In this study, event energy reconstruction is based only on the information collected by the larger 20-inch PMTs. We do not include the smaller ones (3-inch) so far because their contribution to the light collection is negligible.

To train models and to evaluate their performance, we prepared two datasets:

  1. 1.

    Training dataset consisting of 5 million events uniformly spread in the scintillator volume with isotropic angular distribution and with a flat kinetic energy spectrum ranging from 0 to 10 MeV, i.e. \(E_{\text {kin}} \in [0, 10]\) MeV.

  2. 2.

    Testing dataset consisting of 14 subsets with discrete kinetic energies of 0 MeV, 0.1 MeV, 0.3 MeV, 0.6 MeV, 1 MeV, 2 MeV, ..., 10 MeV and with the same spatial and angular distribution as the training dataset. Each subset contains about 100 thousand events.

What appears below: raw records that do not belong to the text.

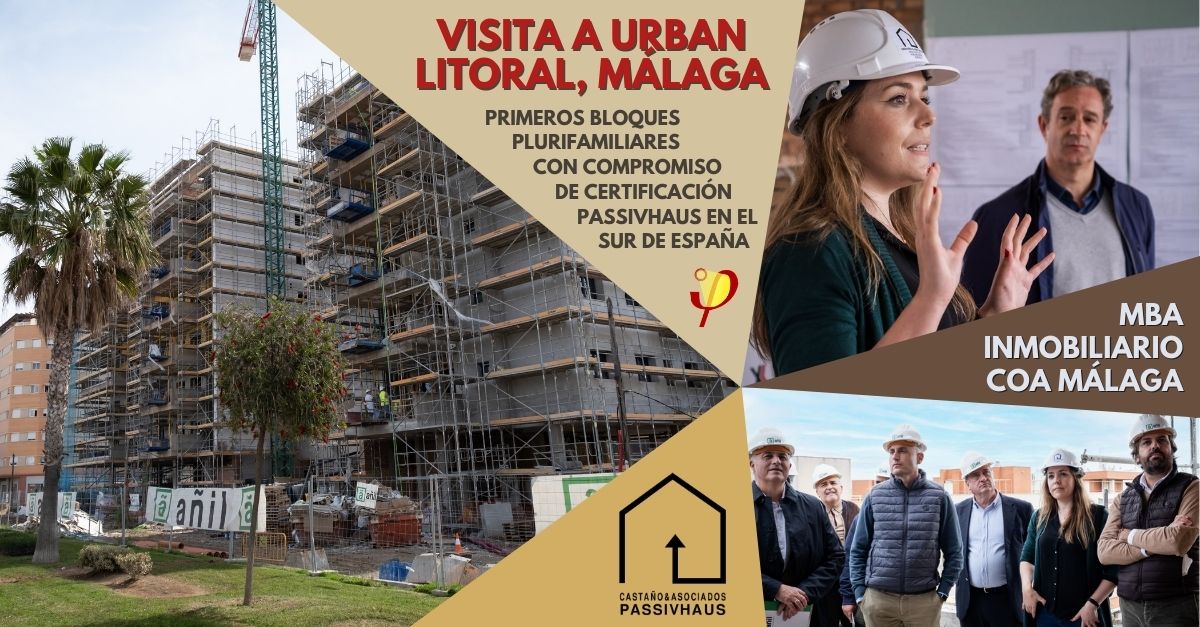 castano_asoc's tweet photo. 📢 La semana pasada fuimos a junto a #Exxacon y #AñilConstrucciones a la futura promoción de viviendas #UrbanLitoral en #Malaga con motivo de la visita del #MBA inmobiliario de @rebs_school en colaboración con @coamalaga. ¡Gracias a todo el equipo que lo está haciendo posible! 🔨 https://t.co/8g9yfFM0RS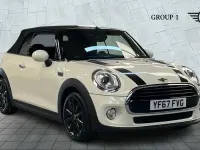 Używany Mini Cooper 134 KM (98 kW) 2017 Biały Hatchback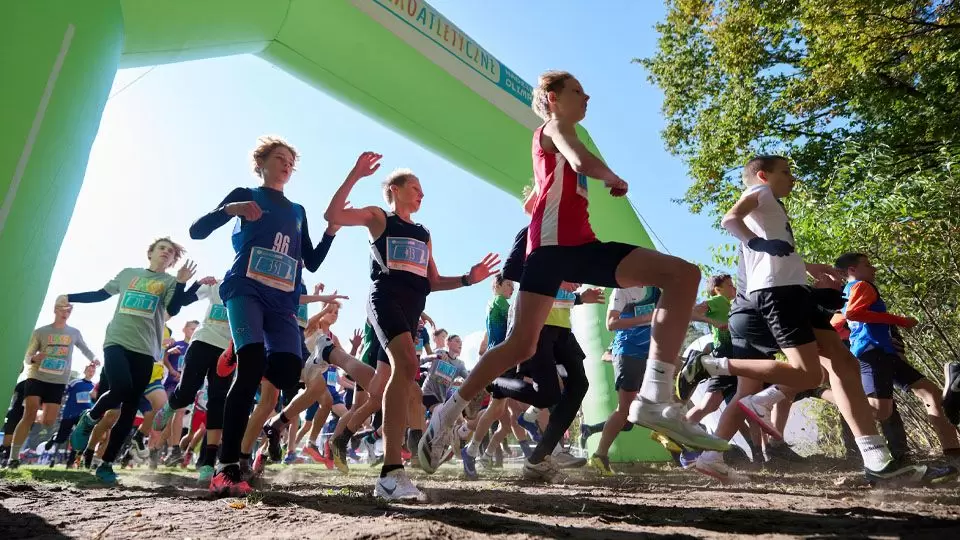 bieg przełajowy Lekkoatletycznych Nadziei Olimpijskich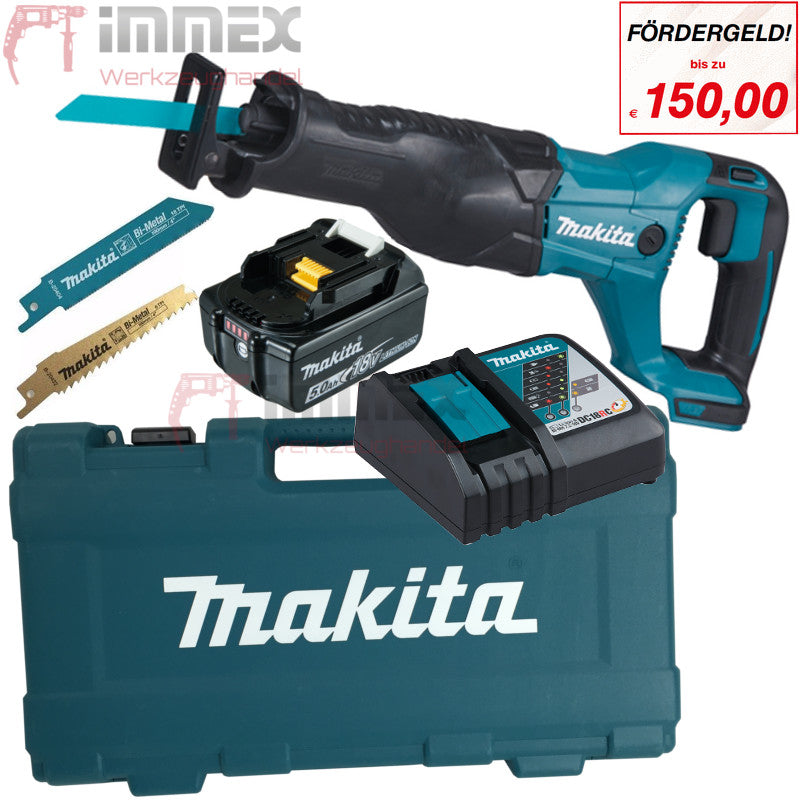 Makita cordless reciprocating saw 18V DJR187RT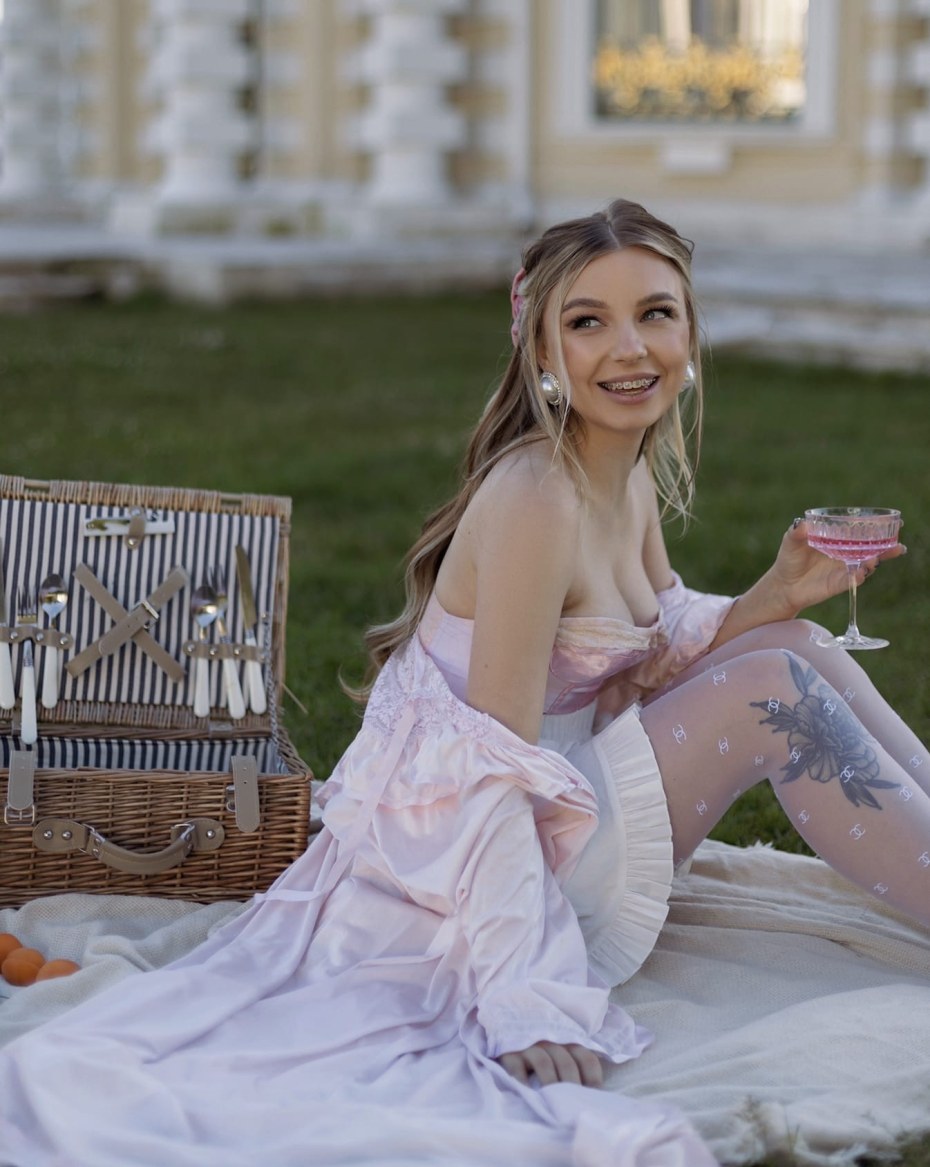 Готика Модельный топлес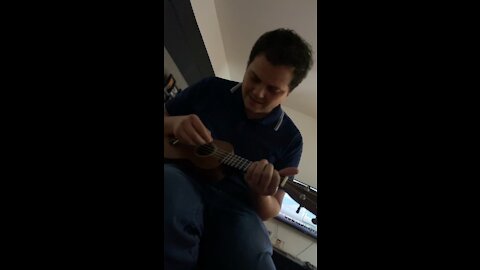 Ukulele - First try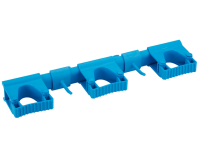 Support mural Vikan Hi-Flex 420mm bleu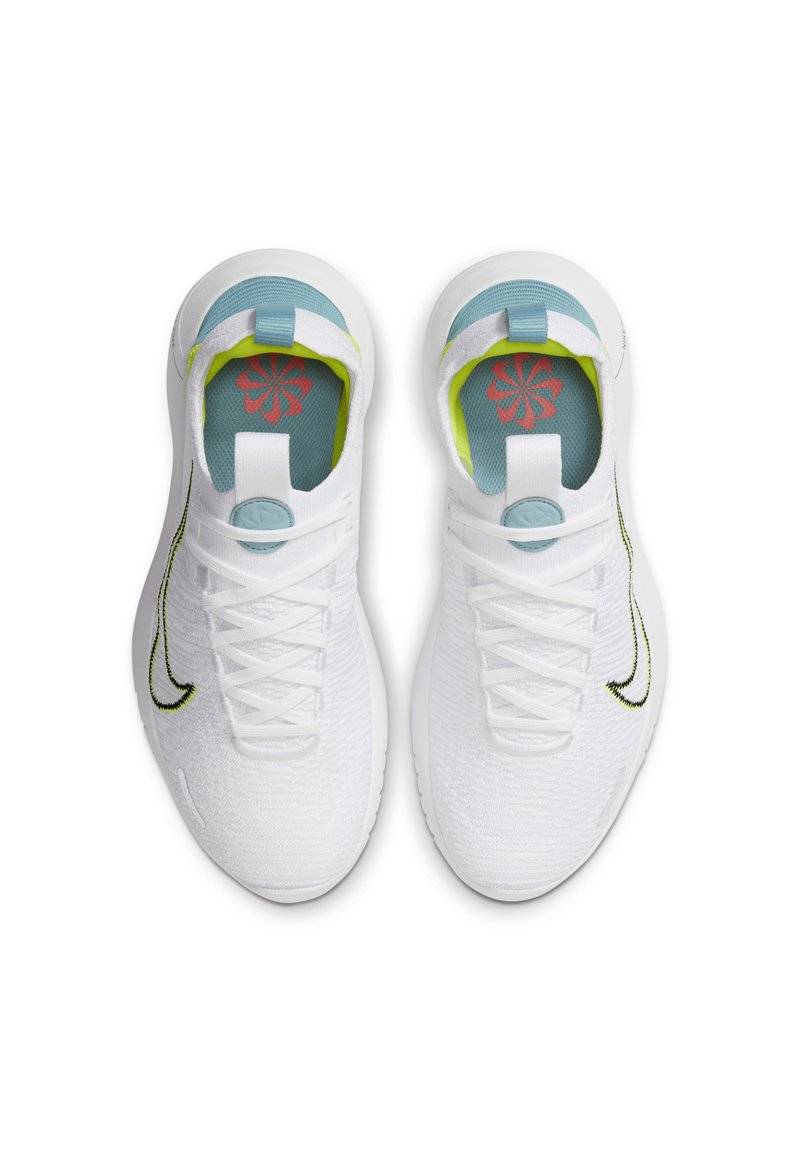 Nike Performance Nike Performance FREE RN FK NATURE - Minimalist running shoes - white denim turquoise cyber black Begrenztes Angebot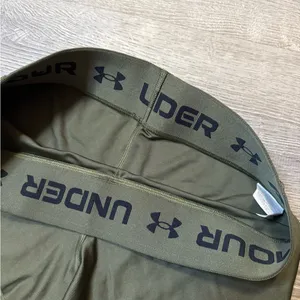 •UNDER ARMOUR• OLIVE GREEN SHORTS thumbnail 4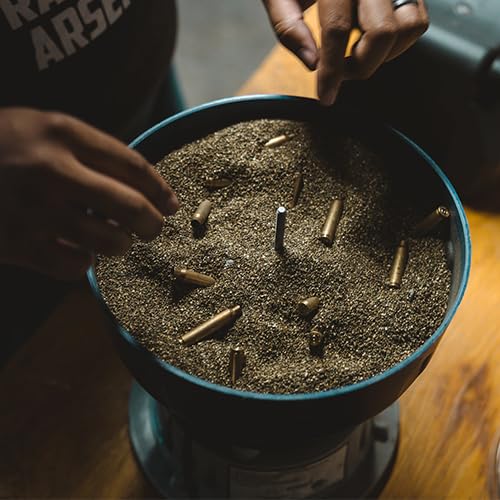 Frankford Arsenal Corn Cob Media - Premium Tumbling Media for Reloading Brass, Ammo Cleaning & Polishing | Ideal for Case Tumbling, Gun Range Maintenance & Shooting Accessories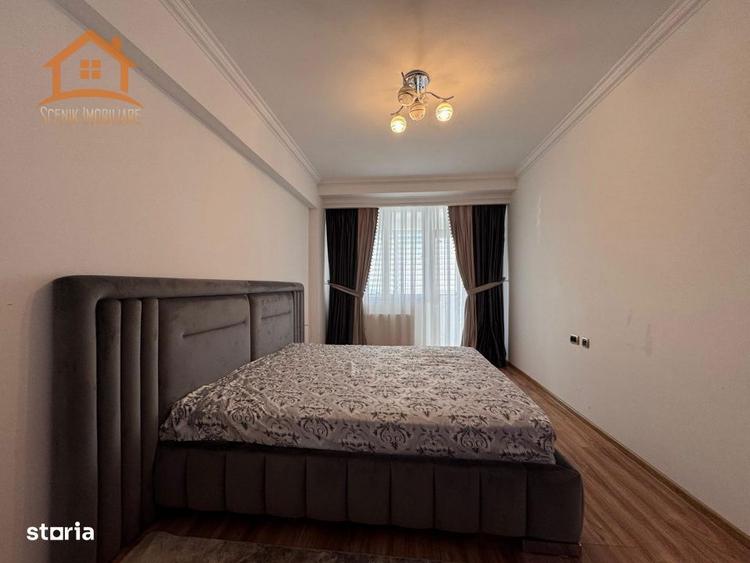 Isaran, cel mai mic pret/mp/zona, apart. modern, cu 3 camere, mobilat - 6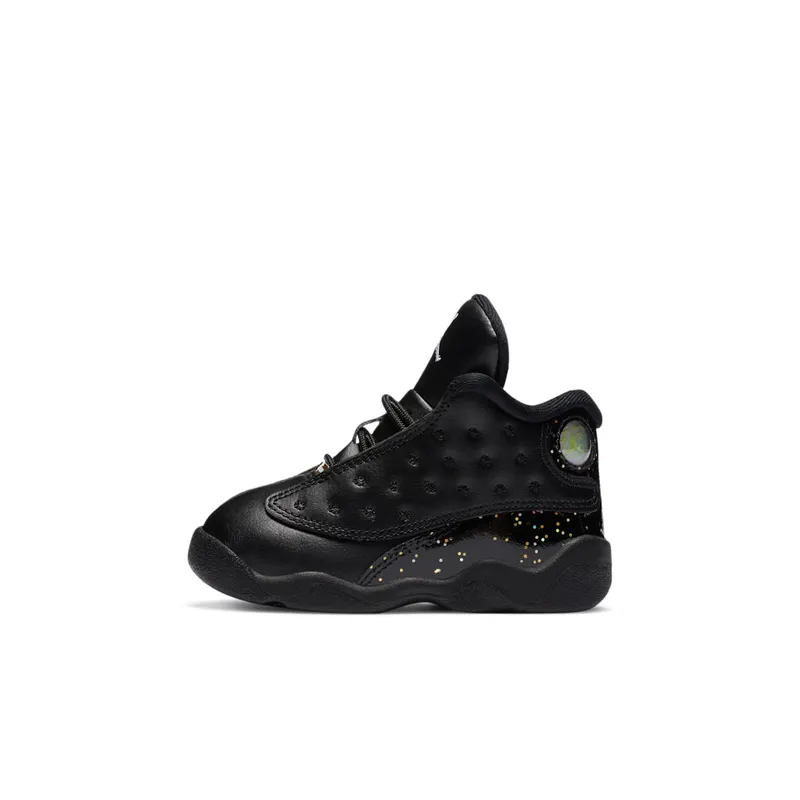 Jordan 13 Retro Black Metallic Gold (TD) (DC9442-007)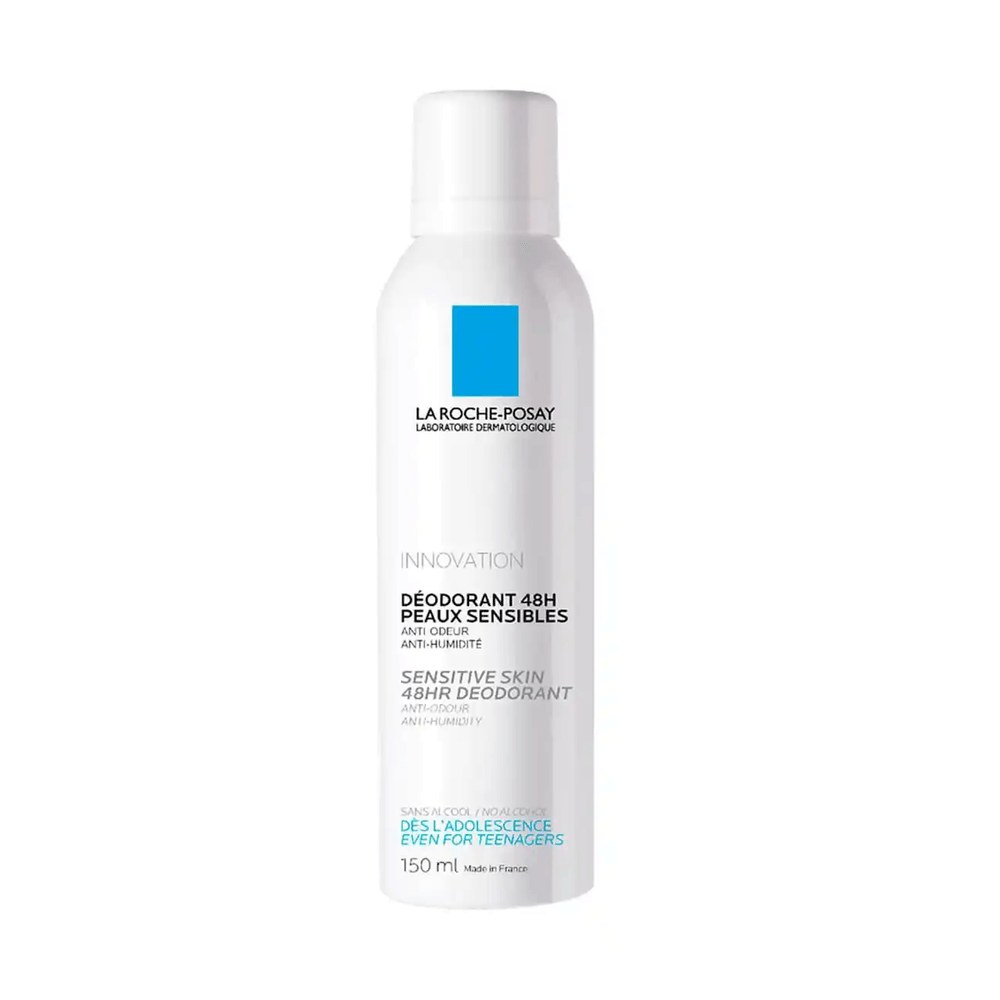Desodorante Antitranspirante La Roche-Posay Innovation Peles Sensíveis 48h Aerossol 150ml — imagem 3 | Farmácia Resyla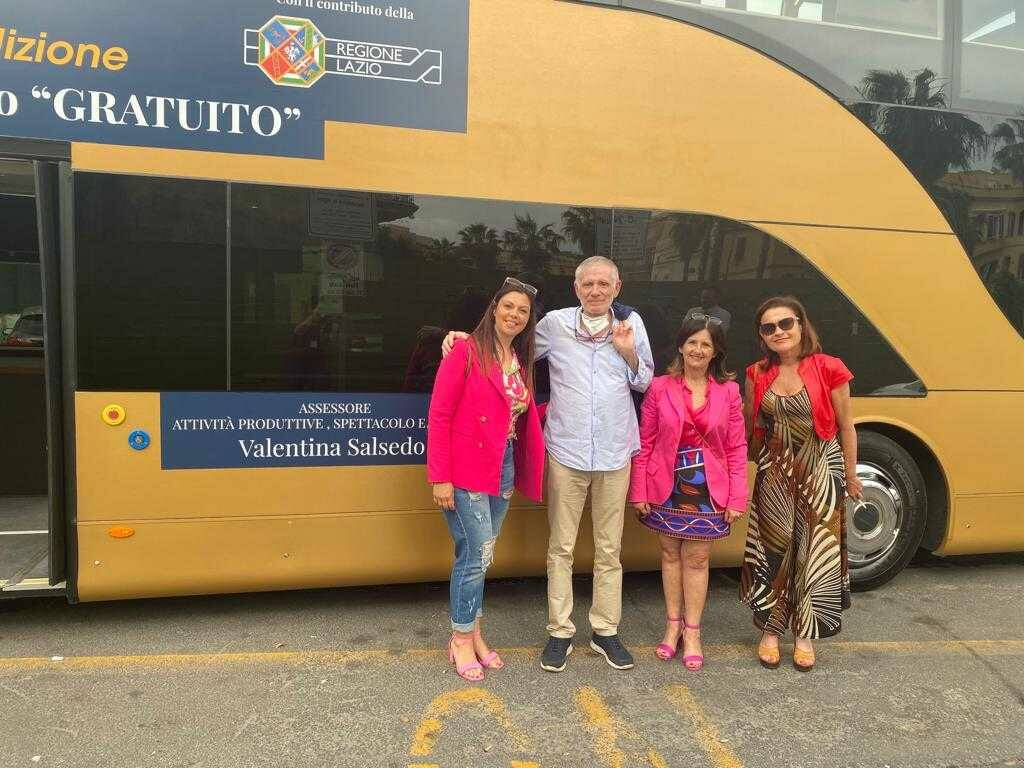 Anzio, tour sul bus turistico per promuovere il patrimonio storico  della città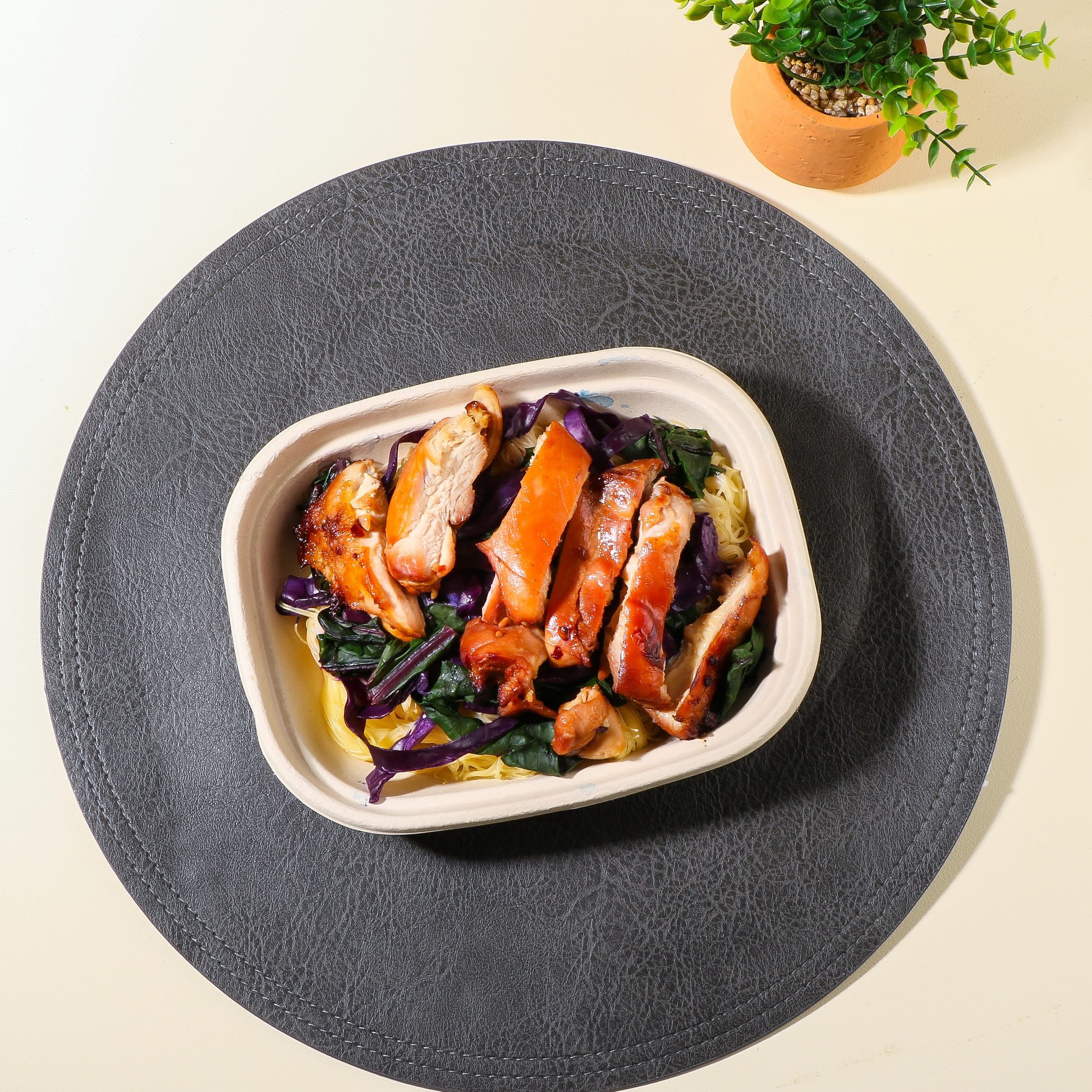 Thai Noodle Salad Bowl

4 Machine learning approach

The event energy defines the total charge collected by all PMTs because the number of emitted photons is roughly proportional to the deposited energy. However, the total collected charge also depends on the event position. This nonuniformity is illustrated in Fig. 3 which shows the accumulated charge per 1 MeV of the deposited energy as a function of the radius cubed \(R^3\). The sharp decrease of the accumulated charge in the region of R \(\gtrsim \) 16 m (or \(R^3\) \(\gtrsim \) 4000 m\(^3\)) is caused by the effect of the total internal reflection due to which the photons with a large incident angle never escape the target.

Fig. 3
figure 3

Accumulated charge on PMTs per 1 MeV of deposited energy as a function of the radius cubed \(R^3\) for positrons

In the case of JUNO, spherical symmetry is not exactly held because the supporting structures at the bottom hemisphere hinder the installation of some PMTs, which leads to additional dependence on the z-coordinate.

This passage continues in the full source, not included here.